▸ Information provided

++++++++++

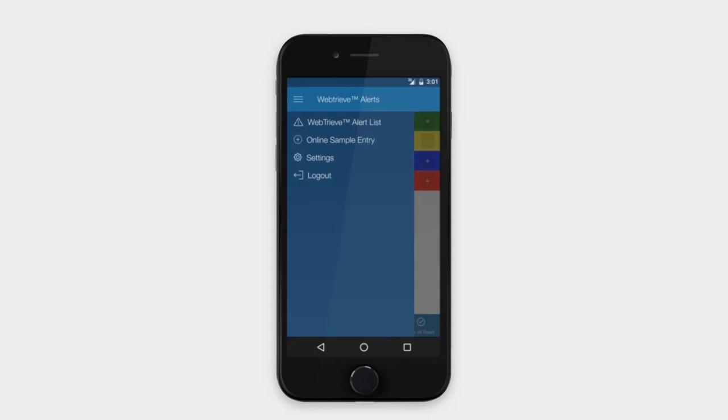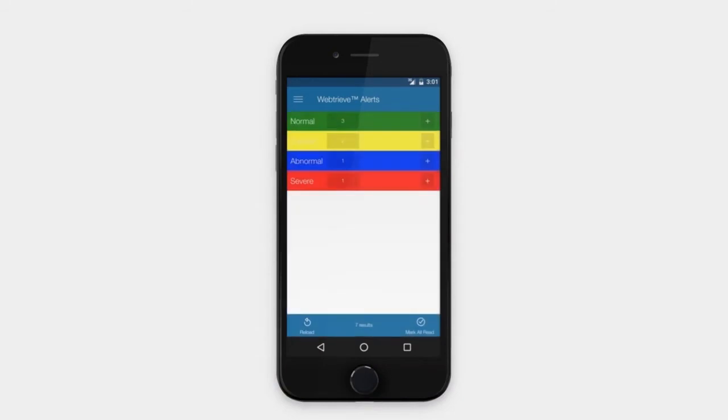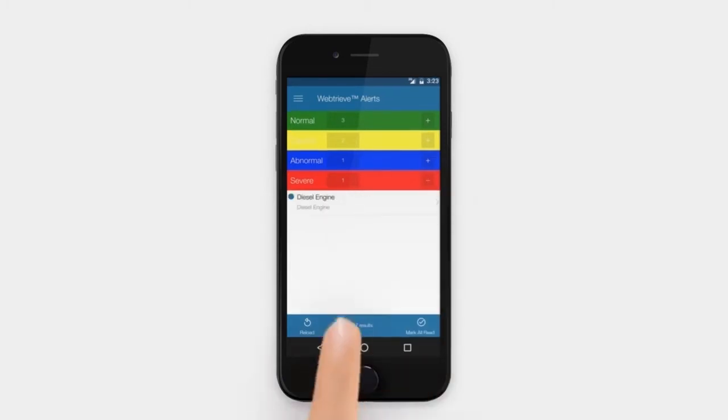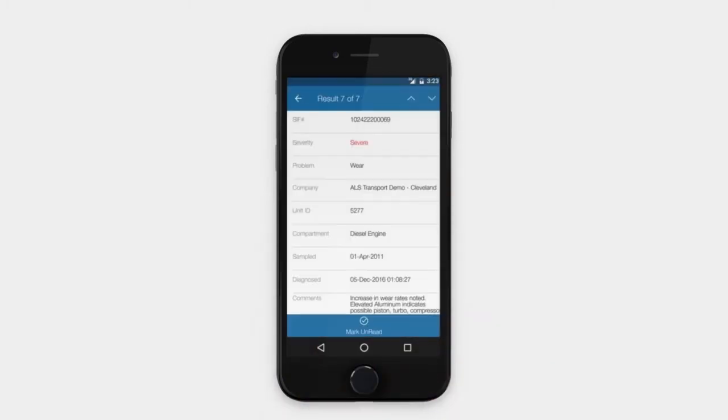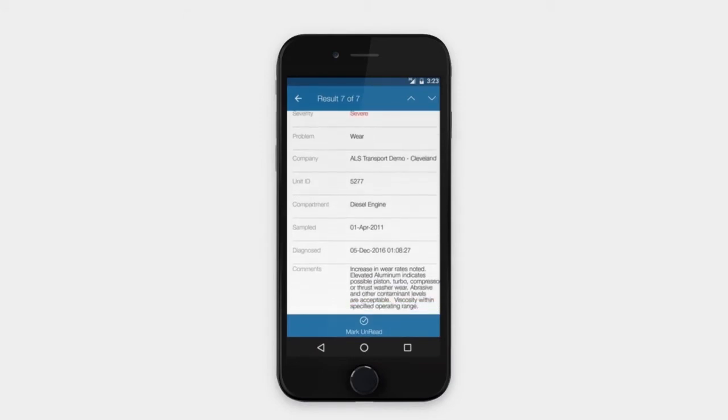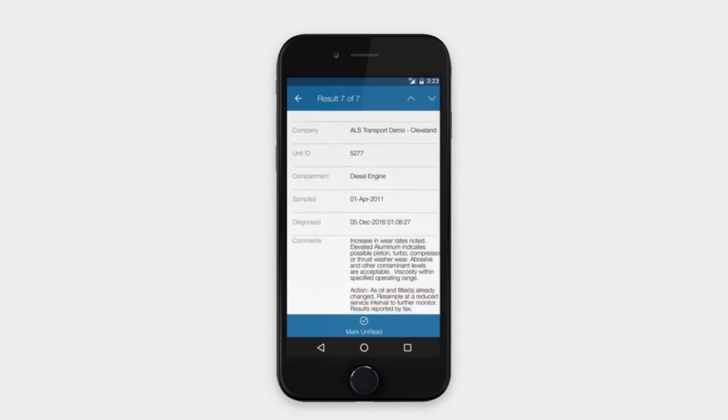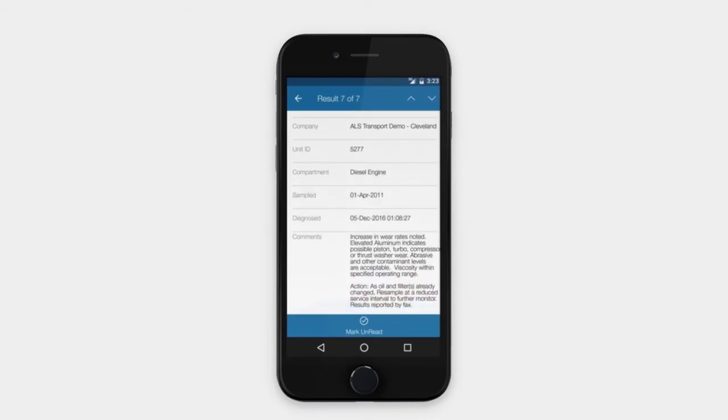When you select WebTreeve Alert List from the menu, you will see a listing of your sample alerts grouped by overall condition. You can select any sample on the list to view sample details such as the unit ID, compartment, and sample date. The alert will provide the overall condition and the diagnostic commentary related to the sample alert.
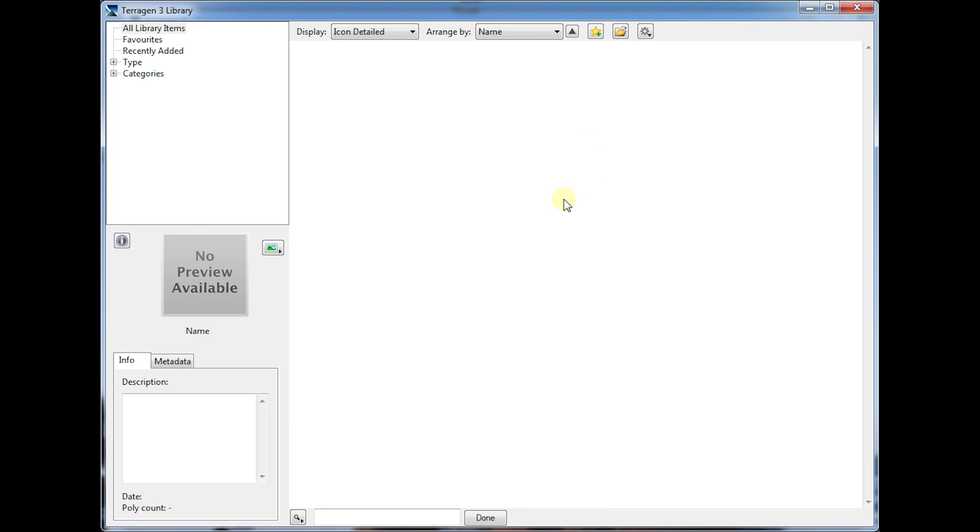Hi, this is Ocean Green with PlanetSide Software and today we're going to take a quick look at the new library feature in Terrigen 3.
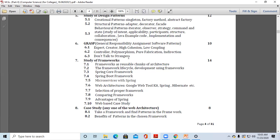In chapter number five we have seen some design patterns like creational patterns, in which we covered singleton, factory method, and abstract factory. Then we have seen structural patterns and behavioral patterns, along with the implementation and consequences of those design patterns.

++++++++++

▸ Work item
Take the lines from the start of the listing above through the line with "Hi, this is", both ends included, and copy them exactly, leaving the pictures behind.

▸ Answer for the task
When you select WebTreeve Alert List from the menu, you will see a listing of your sample alerts grouped by overall condition. You can select any sample on the list to view sample details such as the unit ID, compartment, and sample date. The alert will provide the overall condition and the diagnostic commentary related to the sample alert.
Hi, this is Ocean Green with PlanetSide Software and today we're going to take a quick look at the new library feature in Terrigen 3.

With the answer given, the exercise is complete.